Tawny Jaguars

Frontal Tawny Jaguar (Panthera onca). © Steve Allen, Dreamstime.com.

Tawny Jaguar-Shaman Effigy Vessel Central America, Costa Rica/Nicaragua, Greater Nicoya. Pataky Polychrome, Pataky Variety. Period VI, 1000-1350 AD. Ceramic. 1991.4.337. Ex coll. William C. and Carol W. Thibadeau. Photo by Bruce M White, 2008.

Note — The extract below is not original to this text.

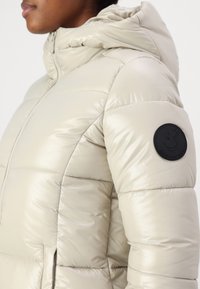 Beige pufferjack met een glanzende, gequiltte buitenkant en een capuchon. Heeft een zwart, rond logo-patch op de linker mouw. Voorzien van een ritssluiting aan de voorkant.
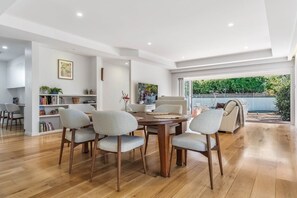 A modern dining area with a wooden table and four chairs, a bookshelf, and a view of the outdoors. - Casa Fern (Lennox Head)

The most familiar type of jaguar has bold black spots all over a tan or buff coat. This ancient Costa Rican vessel represents the tawny jaguar as a shaman’s animal self, juxtaposing the low head carriage, long bloody teeth, sharp claws, and thick tail of a stalking cat with the vertical pose of a person in meditation. The “spotted” areas are partly cat and partly human, limited to the limbs, around the neck, and the vessel rim. These areas have been segregated and outlined with heavy double lines. In nature jaguars only lack spots on their noses and feet and do not have ruffs or manes, either. Shamanic art consciously avoids literal representations of animals since humans becoming their animal selves is the true artistic subject.

 

 

Jaguar/Human Figure Stamp Central America, Honduras. Late Ulua, 700-850 AD. Ceramic. 1990.11.125, .126. Gift of William C. and Carol W. Thibadeau. Photo by Julia Commander.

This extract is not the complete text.